Intel shares slump amid possible exit from chip-manufacturing if it fails to secure major customer
The struggling company has significant operations in Ireland mainly focused on its facility in Leixlip, Co Kildare.
Intel shares sank 8% on Friday after the company warned of exiting chip manufacturing if it fails to secure a major customer, a potentially drastic move by the new chief executive to cut spending and revive the struggling American company.
Lip-Bu Tan said he would further shrink Intel's workforce, halt work on two plants in Europe and slow another in Ohio, binning his ousted predecessor’s strategy that relied on building costly facilities to restore its manufacturing edge.
The plan for such extreme measures follows a surprise second-quarter adjusted loss and a forecast for a bigger-than-expected loss in the third quarter.
The weakening financials pointed to more trouble for Intel after years of mismanagement eroded its PC and data centre market share and left it with almost no presence in the AI market.
As part of its new strategy, Intel may reserve the advanced 18A manufacturing process for its products and proceed with its next-generation 14A only if it lands a major external customer commits, Mr Tan told analysts on the post-earnings call.
The move could put $100bn (€85.3bn) in assets at risk and deepen its dependence on rival TSMC, adding strain to margins already running at about half their historical highs.
Intel was set to lose nearly $8bn in market value, if current losses hold.
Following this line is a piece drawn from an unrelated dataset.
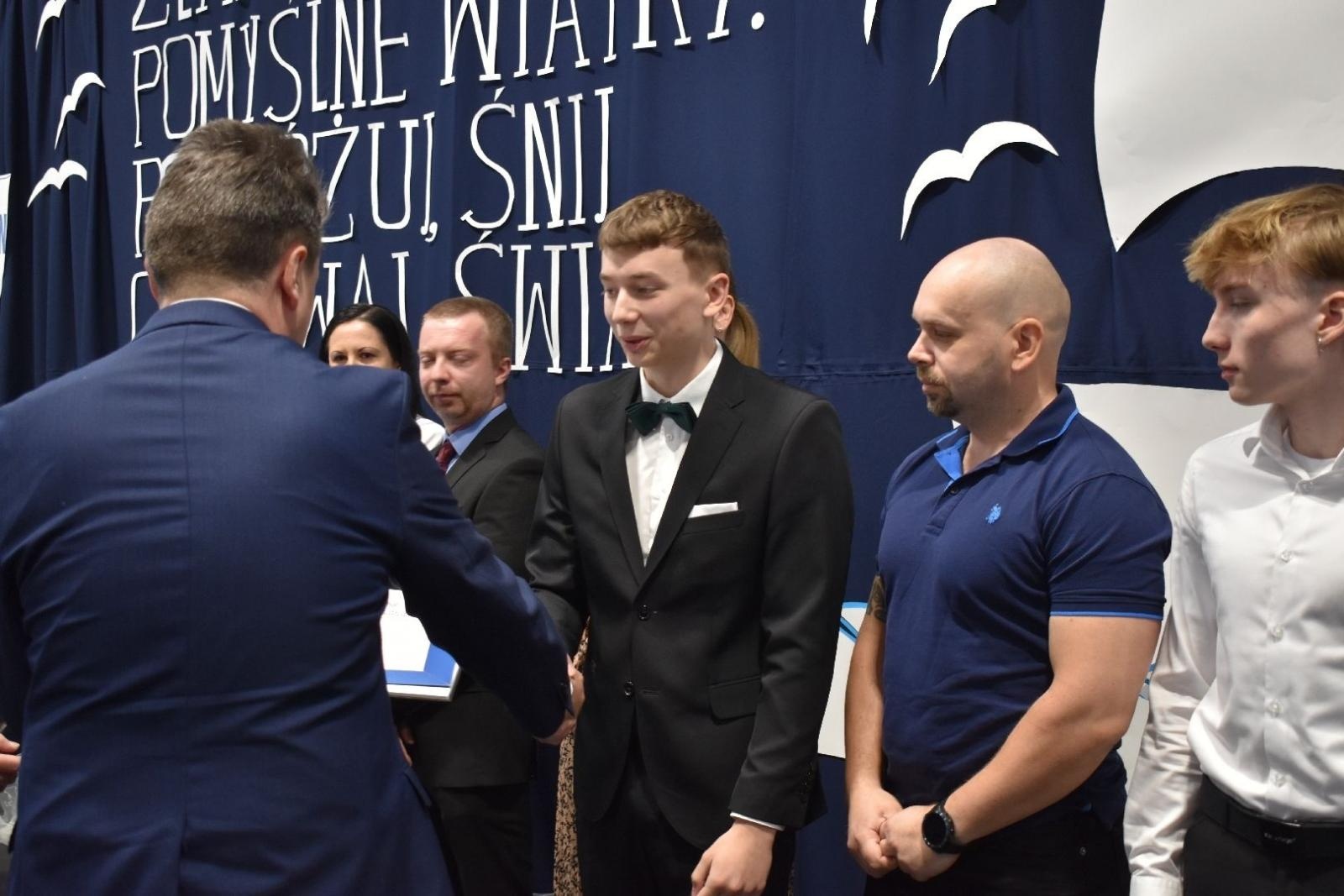 Zdjęcie w galerii na portalu naszwodzislaw.com: Maturzyści powiatowych szkół odebrali świadectwa [FOTO] wiadomości z regionu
Its current valuation of about $100bn is less than half of Advanced Micro Devices, which is valued at more than $260bn.
The stock has lagged far behind rivals this year, rising 12.8% compared with AI darling Nvidia'’s 30% gain and AMD's 34%.
Since taking the helm in March, Tan has divested businesses, laid off employees and redirected resources as part of his strategic reset to revive the embattled chipmaker.
"There are no more blank checks," he wrote in a memo to employees on Thursday.
The struggling company has significant operations in Ireland mainly focused on its facility in Leixlip, Co Kildare. It employs about 5,000 people in Ireland.
In June, the company notified the Department of Enterprise it planned on making redundancies. It was understood at the time 195 jobs could potentially go, but this was at the upper end and that the final number of redundancies could be lower.